Always on the prowl for new music, the four members of Chicago’s Third Coast Percussion came up with a quartet of world-premiere recordings on their latest album, Perspectives (Cedille). Well, three of the four if you want to get technical about it, since one of the premieres is a transcription for percussion of an existing piece.
Onetime rockstar, now full-time film composer Danny Elfman has been making inroads into the concert hall with variable success, and his rather pleasing new Percussion Quartet marks the first time that he has written for this configuration. He goes about it in the timeworn format that Haydn and Beethoven would have recognized — a four-movement (fast, slow, scherzo, finale) structure lasting 20 minutes.
The movements launch with what sound like homages to Philip Glass or Steve Reich — repeated minimalist patterns in their styles — yet they all find their way out of the initial repetition machine with a firm grip upon tonality. Among the eclectic details that come and go quickly, look out for a brief riff from the Beatles’ “Eleanor Rigby” near the start of the second movement, a Latin element surfacing late in the scherzo, and some lightly applied Balinese scales in the finale.
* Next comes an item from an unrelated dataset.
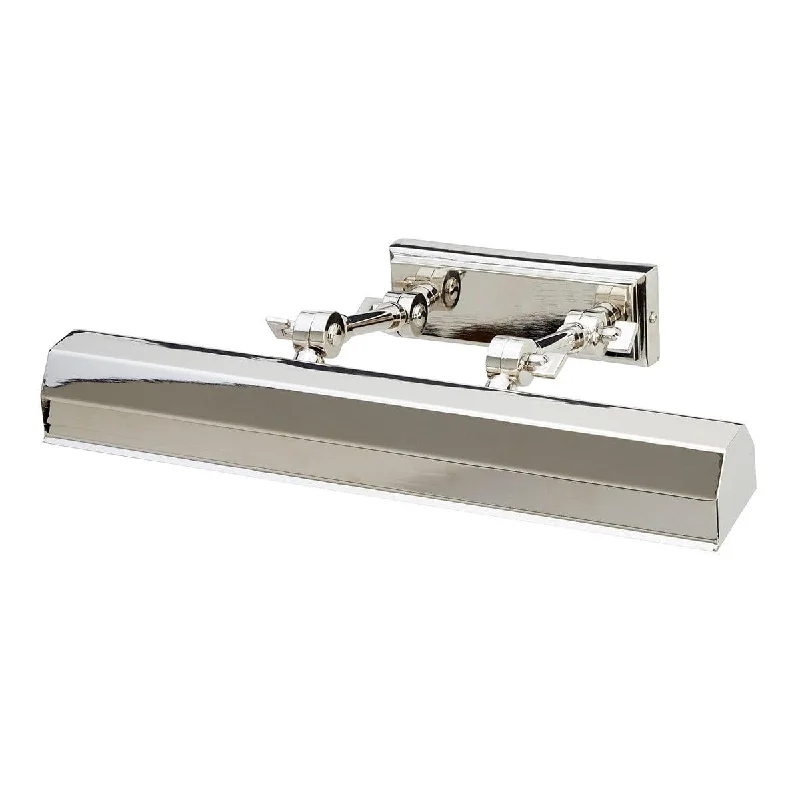 Way Switch Floor Lamp for Multiple Light Intensity Levels Way Switch Floor Lamp for Multiple Light Intensity LevelsChawton Medium Polished Nickel Picture Light Elstead Way Switch Floor Lamp for Multiple Light Intensity Levels Way Switch Floor Lamp for Multiple Light Intensity LevelsChawton Medium Polished Nickel Picture Light Elstead
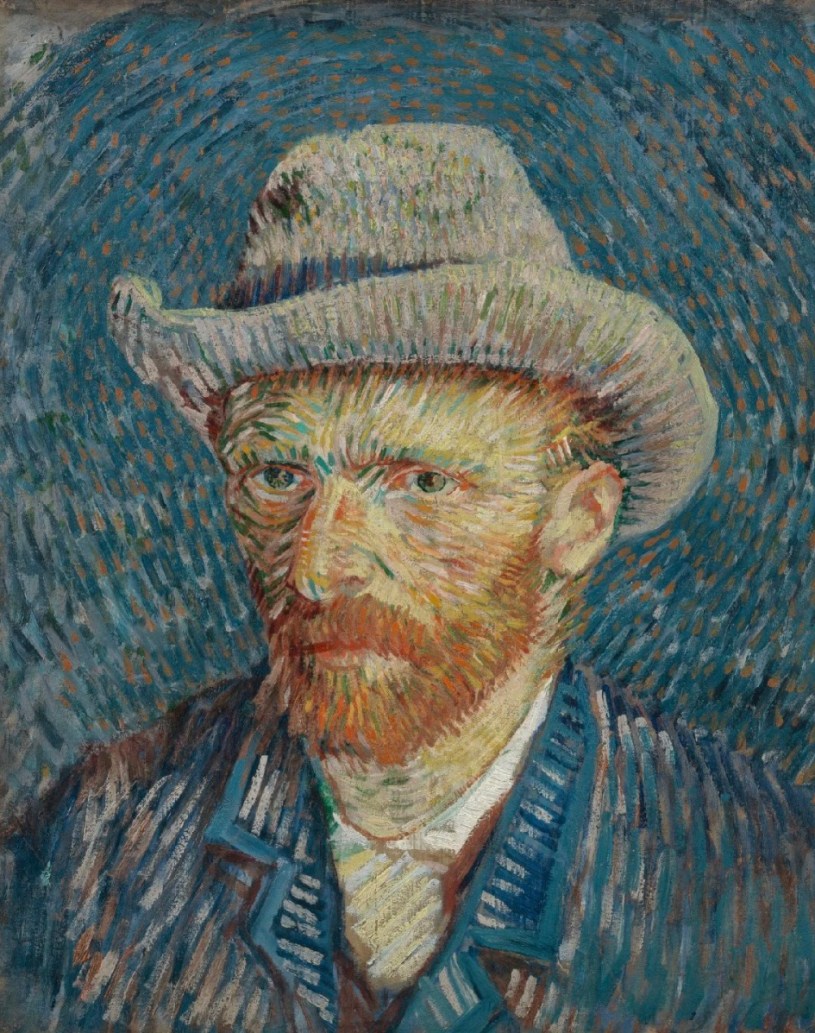 van Gogh Museum, Amsterdam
The real deal — the transcription of Glass’s Metamorphosis No. 1, originally written for solo piano — follows quite naturally after the Elfman piece. As delicately played at first on marimba, glockenspiel, vibraphone, and melodica, this Glasswork eventually takes on a great variety of colors and dynamic levels — and down the stretch, drama.
Jlin (aka Jerrilynn Patton) contributed Perspective, a seven-movement piece lasting half an hour in which TCP attempts to translate electronic sounds into a score for percussion instruments. (It would be instructive to hear what the original electronic version sounded like.) The toughest thing to realize about these pieces is not the timbres so much as the complex rhythmic patterns. A few samples: “Derivative” gets off to an acid jazz-like beat before wading into a tangle of complexities, “Dissonance” has a cooking groove and not a trace of harmonic dissonance, and “Embryo” provides a driving conclusion.
The final world premiere is a collaborative piece in three movements between TCP and Flutronix (flutists Nathalie Joachim and Allison Loggins-Hull) called Rubix. “Go” gets going as the two flutists skitter or soar above various jazz grooves. “Play” opens with ruminative flutes invaded by playful percussion that joins the duo in unison repetition before returning to where they all began in classic ABA form. “Still” is just that — contemplative, moody, mysterious, an odd way to close an album full of flashy sounds.